------ Records provided ------
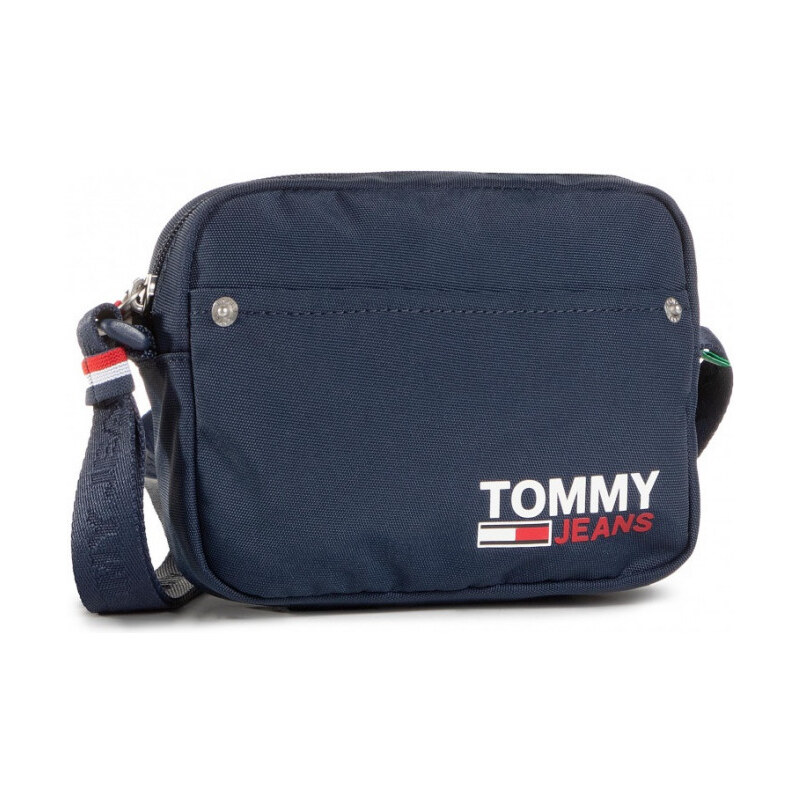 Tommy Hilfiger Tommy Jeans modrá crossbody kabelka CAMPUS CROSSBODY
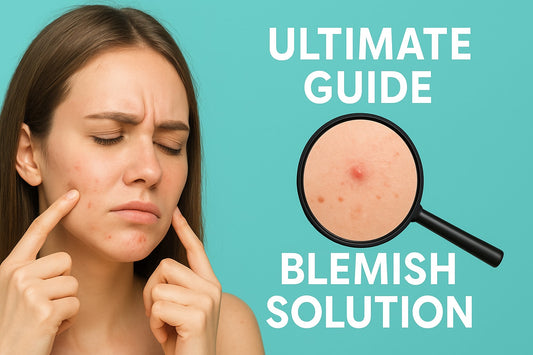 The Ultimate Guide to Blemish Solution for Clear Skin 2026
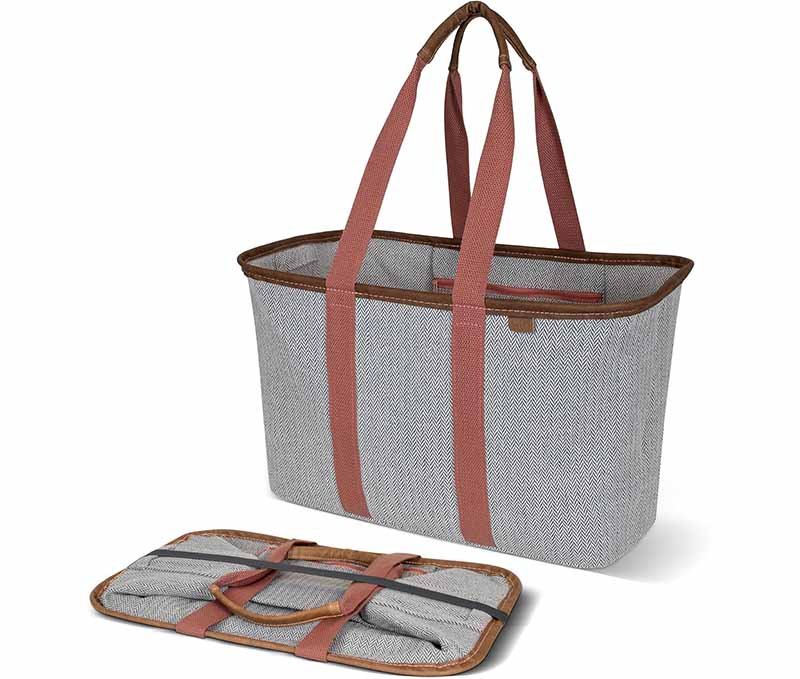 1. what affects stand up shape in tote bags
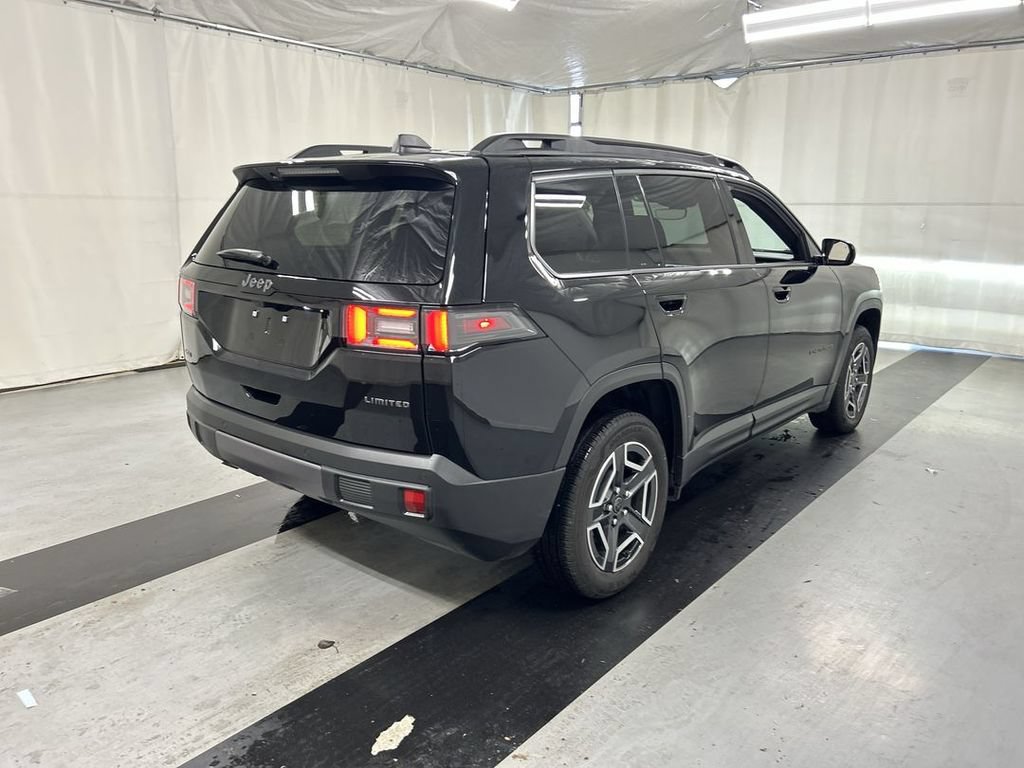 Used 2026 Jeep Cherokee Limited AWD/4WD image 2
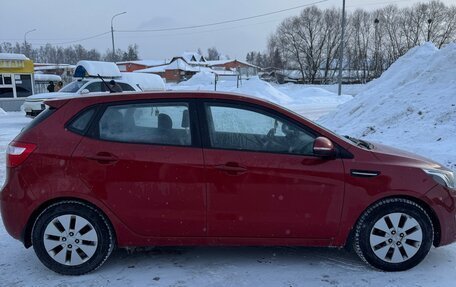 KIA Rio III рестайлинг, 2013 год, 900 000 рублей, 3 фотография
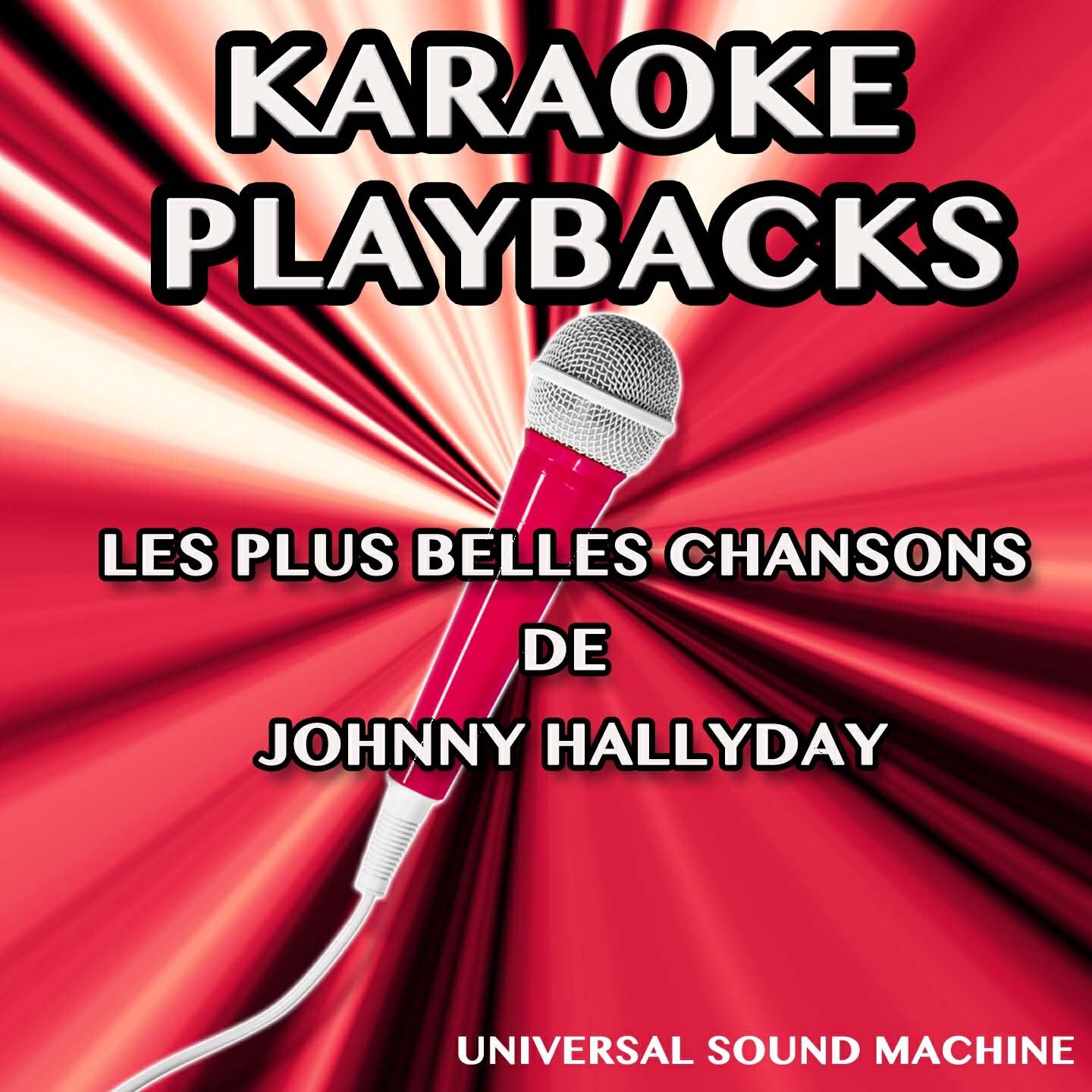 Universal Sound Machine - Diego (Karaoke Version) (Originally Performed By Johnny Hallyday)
------
* **Exercise prompt**
Your answer must be the full set of entries, set down exactly and without pictures.

* **Your response**
 Tommy Hilfiger Tommy Jeans modrá crossbody kabelka CAMPUS CROSSBODY
 The Ultimate Guide to Blemish Solution for Clear Skin 2026
 1. what affects stand up shape in tote bags
 Used 2026 Jeep Cherokee Limited AWD/4WD image 2
 KIA Rio III рестайлинг, 2013 год, 900 000 рублей, 3 фотография
 Universal Sound Machine - Diego (Karaoke Version) (Originally Performed By Johnny Hallyday)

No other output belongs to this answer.